Flora Saini, also known by her screen name Asha Saini, is an Indian actress and model. She predominantly works in Bollywood, and also appeared in a number of Kannada, Tamil and Telugu 
films. Since her debut in Prema Kosam (1999), she has acted in over 50 films and co-starred with noted actors like Rajinikanth, Balakrishna, Siddhant, Sudeep, Shivarajkumar, Vijaykanth, Prabhu, Karthik, Jagapati Babu and Rajasekhar.

Early life 
Born in Chandigarh to an army officer, Flora began her schooling in Udhampur, Jammu and Kashmir. She continued her education in the Army Public School, Dhaula Kuan, Delhi. Her family then moved to Kolkata, where she started pursuing a modeling career. She participated in the Miss Kolkata beauty pageant.

Career 
Flora made her acting debut in the 1999 Telugu film Prema Kosam. The producer of the film rechristened her as Asha Saini; some years later she would adopt a new screen name, Mayuri, as per the advice of an astrologer, before eventually reverting to her original name.

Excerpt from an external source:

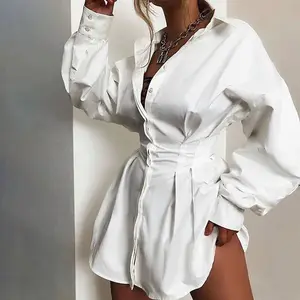 2019 nuevo Color sólido blanco profunda V plisado cintura Sexy camisa estilo calle vestido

The actress subsequently played supporting roles in more than a dozen Telugu-language films in the next three years. She appeared in the film Narasimha Naidu (2002), which went on to become highly successful. It was for some time the most notable film in her filmography, and it led to her being referred to as "Lux Papa" thereafter. In 2002, Flora made her first Hindi-language film, starring in the T. P. Aggarwal-produced Bharat Bhagya Vidhata. Her second Hindi film, Love in Nepal (2004), also produced by Agarwal, saw her paired with popular playback singer Sonu Nigam.

Flora has appeared in several Kannada-language films, too, including Giri, starring Srinagara Kitty, and Nammannna, starring Sudeep.

In March 2008, she was arrested in Chennai for supposedly having forged visa documents, and was subsequently banned from the Tamil film industry. She claimed innocence, and the ban was lifted a couple of weeks later.

Three films in which Flora Saini stars – the Telugu-language Broker, and two Kannada-language films, Vismaya Pramaya and Vah Re Vah – were released on 31 December 2010, a rare occurrence that secured her an entry in the Limca Book of Records for the most film releases on one day. In 2010, Flora Saini was honoured with the Uttarakhand Ratna Award. She has also received The Great Daughter of Soil Award in Mauritius for her anti-poverty work there.

She is last seen in a web-series called Gandii Baat season 2 with Anveshi Jain, where she played a lead role. Recently, Saini was seen in many web series and notably worked in Mayanagari-City of Dreams of Hotstar.

In 2015, Flora Saini played the role of Muskan in MSG: The Messenger starring Gurmeet Ram Rahim. She played the role of a daughter with Jayshree Soni as Kasam and Olexandra Semen as Alice.

In October 2019 Flora Saini made her debut in Bengali web series through Dupur Thakurpo hoichoi web series. It was the 3rd season of the series and she played the iconinc role of Phulwa boudi.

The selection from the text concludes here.